15 February 2016
Stephen Brooks

Property rights and miracle trees: Growing climate-smart agriculture in Zambia

Joseph Zulu never uses the term “climate-smart agriculture,” even as he proudly points out the fertilizer trees he planted between rows of crops on his field in Zambia’s eastern province. But whether he uses the term or not, Zulu is a wonderful example of how climate-smart agriculture can be incorporated into traditional farming environments.

Fertilizer trees, such as the Faidherbia albida or msangu as it is known locally, with their ability to increase agricultural productivity and improve crop resilience through enhanced soil fertility and protection, have been described as a miracle tree. Zambia could use such miracles.

Sustainably increasing food production is one of the biggest challenges facing Zambia, where farming supports the livelihood of over 70 percent of the population, including 78 percent of women. Relative to other countries in the region, it has an abundance of fertile land, water, and a favorable climate for agricultural production. Yet, despite these favorable conditions, crop yields are well below global averages and 80 percent of rural Zambians live in extreme poverty.

The riddle of the missing trees

Even with the important benefits derived from msangu, few local farmers follow Zulu’s lead. Agroforestry tree species are planted on only 6 percent of fields in his district, despite widespread adoption in places like Niger and Burkina Faso. And simple agroforesty techniques — like those practiced by Zulu — have been shown to boost crop yields, providing additional food and income, without contributing to climate change. So why aren’t more Zambian farmers planting fertilizer trees?

One reason might be property rights. The vast majority of rural Zambians live on customary land without formally recognized boundaries to their fields or official documentation of their rights to access, use or own land. When farmers’ property rights are insecure, they may be less likely to plant and sustain trees, conserve resources or make long term improvements to the soil. This may help explain why, in a recent survey, 91 percent of Zambia’s rural population stated a desire to acquire some form of paper documentation for their land.

To meet this demand, the U.S. Agency for International Development  is working with four chiefs and a local NGO to clarify, map and certify customary land rights in 150 villages in eastern Zambia. The program is using low-cost, open source mobile technology on readily available GPS-enabled tablets to map boundaries and record people’s rights and claims to the land. This technological solution is paired with a human one: community participation. Farmers and their neighbors walk the boundaries of their fields together, recording the borders only once all parties agree. The resulting maps are shared with and validated by the wider community and traditional leaders before land certificates are issued. The result is a powerful piece of paper — a certificate that provides greater security and clarity over rights and responsibilities related to land.

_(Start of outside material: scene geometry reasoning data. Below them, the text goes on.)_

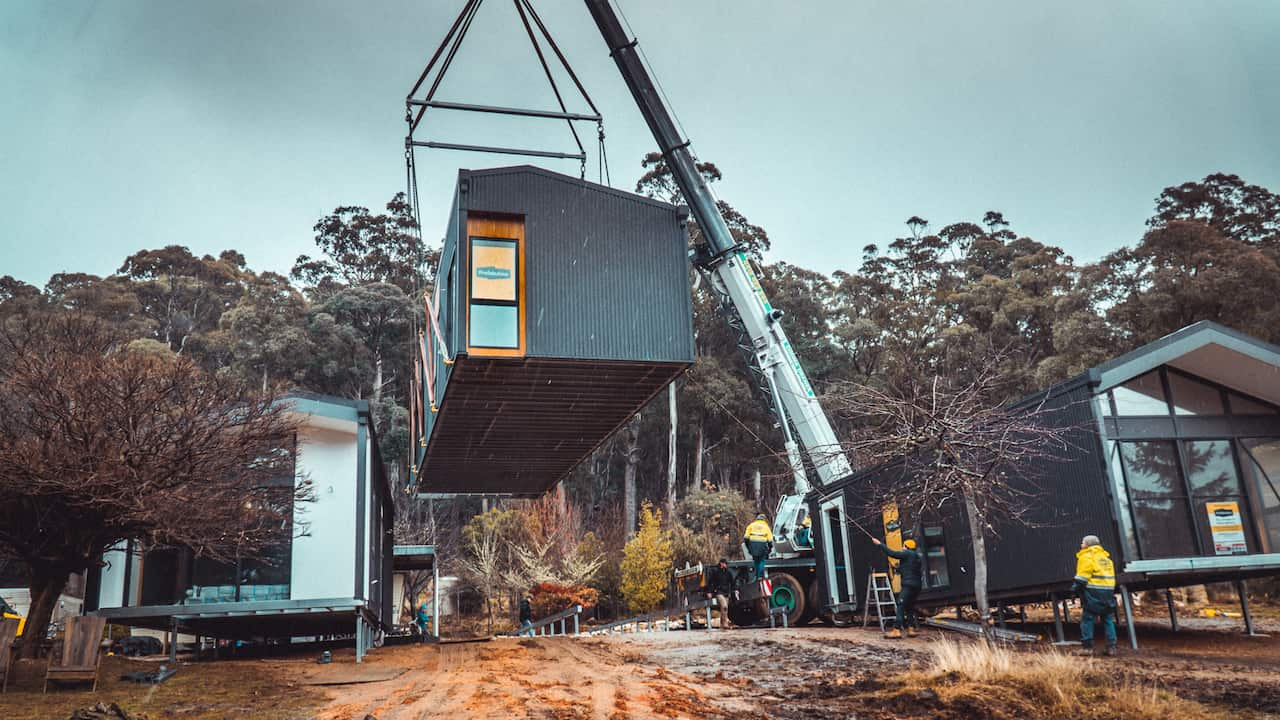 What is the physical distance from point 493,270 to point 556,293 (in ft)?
2.73

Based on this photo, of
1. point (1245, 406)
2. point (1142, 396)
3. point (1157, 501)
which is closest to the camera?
point (1157, 501)

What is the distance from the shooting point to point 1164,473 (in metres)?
12.7

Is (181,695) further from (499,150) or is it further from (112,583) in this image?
(499,150)

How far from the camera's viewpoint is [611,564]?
32.6 m

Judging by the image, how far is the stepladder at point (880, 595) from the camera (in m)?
15.3

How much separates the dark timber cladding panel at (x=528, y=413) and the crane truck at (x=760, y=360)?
4.26 metres

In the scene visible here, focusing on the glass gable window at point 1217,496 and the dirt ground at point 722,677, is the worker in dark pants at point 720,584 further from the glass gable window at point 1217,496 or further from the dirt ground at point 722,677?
the glass gable window at point 1217,496

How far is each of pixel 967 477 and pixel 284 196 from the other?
150 feet

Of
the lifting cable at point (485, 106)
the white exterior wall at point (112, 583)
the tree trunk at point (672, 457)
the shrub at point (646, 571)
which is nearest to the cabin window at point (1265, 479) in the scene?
the lifting cable at point (485, 106)

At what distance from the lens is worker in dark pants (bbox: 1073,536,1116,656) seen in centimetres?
1116

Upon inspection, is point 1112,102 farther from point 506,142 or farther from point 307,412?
point 307,412

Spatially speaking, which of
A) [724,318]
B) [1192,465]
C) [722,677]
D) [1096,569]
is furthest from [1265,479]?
[724,318]

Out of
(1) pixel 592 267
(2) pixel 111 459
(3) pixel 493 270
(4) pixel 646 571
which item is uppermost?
(1) pixel 592 267

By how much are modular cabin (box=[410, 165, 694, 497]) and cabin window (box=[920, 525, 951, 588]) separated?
5639 mm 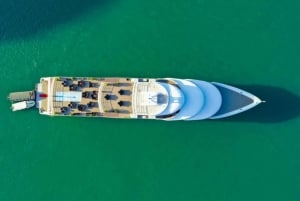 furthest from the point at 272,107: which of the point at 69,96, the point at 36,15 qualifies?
the point at 36,15

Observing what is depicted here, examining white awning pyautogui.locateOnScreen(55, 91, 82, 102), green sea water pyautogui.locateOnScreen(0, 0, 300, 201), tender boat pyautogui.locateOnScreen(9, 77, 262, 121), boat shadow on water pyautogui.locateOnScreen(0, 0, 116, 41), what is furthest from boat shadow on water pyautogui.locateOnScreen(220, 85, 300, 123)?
boat shadow on water pyautogui.locateOnScreen(0, 0, 116, 41)

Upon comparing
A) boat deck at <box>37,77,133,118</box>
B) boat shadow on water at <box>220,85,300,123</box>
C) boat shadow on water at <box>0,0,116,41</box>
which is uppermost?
boat shadow on water at <box>0,0,116,41</box>

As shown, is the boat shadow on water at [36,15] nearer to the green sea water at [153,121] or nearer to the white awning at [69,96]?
the green sea water at [153,121]

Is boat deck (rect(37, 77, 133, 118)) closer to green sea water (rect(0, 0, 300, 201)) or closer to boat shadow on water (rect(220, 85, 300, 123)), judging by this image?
green sea water (rect(0, 0, 300, 201))

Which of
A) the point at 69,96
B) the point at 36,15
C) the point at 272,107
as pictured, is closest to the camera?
the point at 272,107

Putting theory to the test

The strengthened property rights that result from this process should lead to fewer disputes and greater incentives to invest in and conserve land and resources (by planting more msangu trees, for example). But USAID is not taking this assumption for granted. To rigorously test this hypothesis, the program is conducting a randomized control trial — the gold standard of rigorous, scientific impact evaluations — to measure the effectiveness of the land certification activities.

The results of this evaluation will help answer the question: “How do stronger property rights affect a farmer’s decision to practice climate-smart agriculture, including agroforestry?”

For the government of Zambia, the initial research on this question, along with the methods and lessons from USAID’s program, is already helping to directly inform national-level multistakeholder dialogues on land policy reform. For the global community — and for the millions of people in the developing world living without secure rights to land and resources — the answer to this question could be an important part of shaping efforts to end extreme poverty, reduce hunger and address a rapidly changing climate.